L’expression de "démocratie" ou "gouvernement mondial" fait en effet sursauter plus d’une personne. Tel est le cas de M. Moreau Defarges, Mme Thérèse Gastaut de l’ONU ou Mme.Françoise Nicolas de l’IFRI.

Pour eux, l‘Etat reste et restera l’outil de base des relations internationales et n’acceptera jamais une telle perte de souveraineté. Et même si on l’envisage, cette hypothèse farfelue mènerait selon eux au chaos mondial, car il n’y a pas de moyens de régulation ni de financement mondiaux. Il faut remarquer que ce sont surtout les praticiens qui sont ‘allergiques’ à cette idée, contrairement à une bonne partie des académiciens (trop éloignés de la réalité ? ). En général cette frilosité va de paire avec un grand scepticisme vis-à-vis d’une éventuelle gouvernance mondiale. Il vaudrait mieux déjà savoir « instaurer des règles du jeu » entre Etats, organisations internationales (Nicolas) et ONG ou medias reconnues et renforcer leur engagement dans les institutions déjà existantes (ONU, OMC, FMI..) qui ne sont certes pas parfaites mais perfectibles.

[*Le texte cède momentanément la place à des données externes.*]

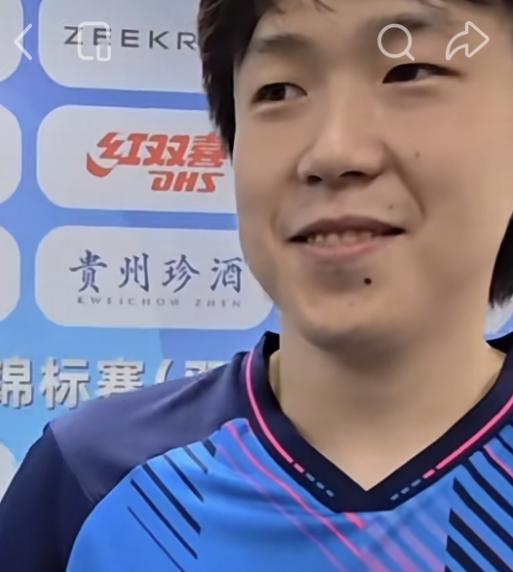 莎头3:0赢下比赛后采访，正好牛冠凯和段冬妍从后面走，莎莎脆生生的叫了声“段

Des efforts mutuels nécessaires entre mouvances contestataires et institutions libérales

Dans les notes de la fondation Jean Jaurès, Bianco et Severino insistent sur le besoin de réponses alternatives modérées qui n’excluent pas complètement la tendance incontournable de libéralisation des échanges. Ils affirment la nécessite de créer un nouveau contrat social mondial impulsé par une grande conférence internationale de l ‘ONU.

Comme l’écrit Pascal Lamy « le capitalisme de marché confirme à travers la mondialisation ses trois traits fondamentaux et indissociables : son efficience, son instabilité et sa nature inégalitaire. Nous avons besoin de son efficience, nous devons prévenir son instabilité et nous devons corriger son caractère inéquitable. »

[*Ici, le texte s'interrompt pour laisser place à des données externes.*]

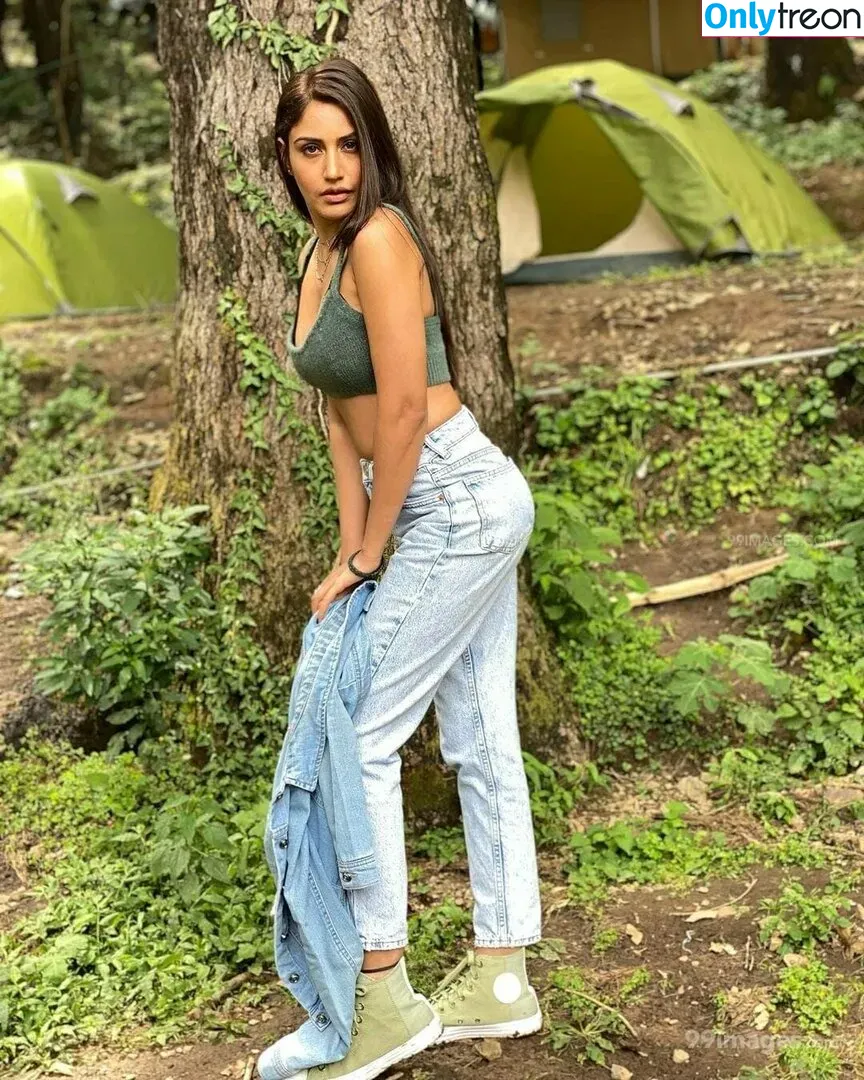 Surbhi Chandna голая photo #0163 (officialsurbhic)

Eddy Fougier insiste aussi sur le fait que la société civile se reconnaît de plus en plus dans le mouvement dit alter mondialiste, qui en fait est une « nébuleuse de mouvements contestataires » car celui-ci remplit le vide laissé par trois crises importantes : celle de la déroute de la gauche, celle du manque de représentativité des acteurs et syndicats traditionnels et enfin celle des angoisses liées à la mondialisation elle-même. La participation de la société civile doit donc se faire par le biais de ce mouvement durable qui veut « changer le monde sans prendre le pouvoir » .

On pourrait toutefois rétorquer à Eddy Fougier deux arguments. Le premier est de ne pas prendre en compte les mouvements contestataires marginaux et violents qui en fait excluent encore plus la société civile du processus de gouvernance. Le deuxième est qu’il n’évoque que rapidement « la capacité du capitalisme à intégrer ses différentes formes de critiques » et évoque une éventuelle intégration du mouvement contestataire « à terme » ce qui sauverait le capitalisme en le rendant culturellement et socialement acceptable. Mais cette intégration ne peut pas se faire toute seule et ne viendra probablement pas spontanément des acteurs de la mondialisation libérale, surtout si les mouvements contestataires ne font pas des efforts en ce sens.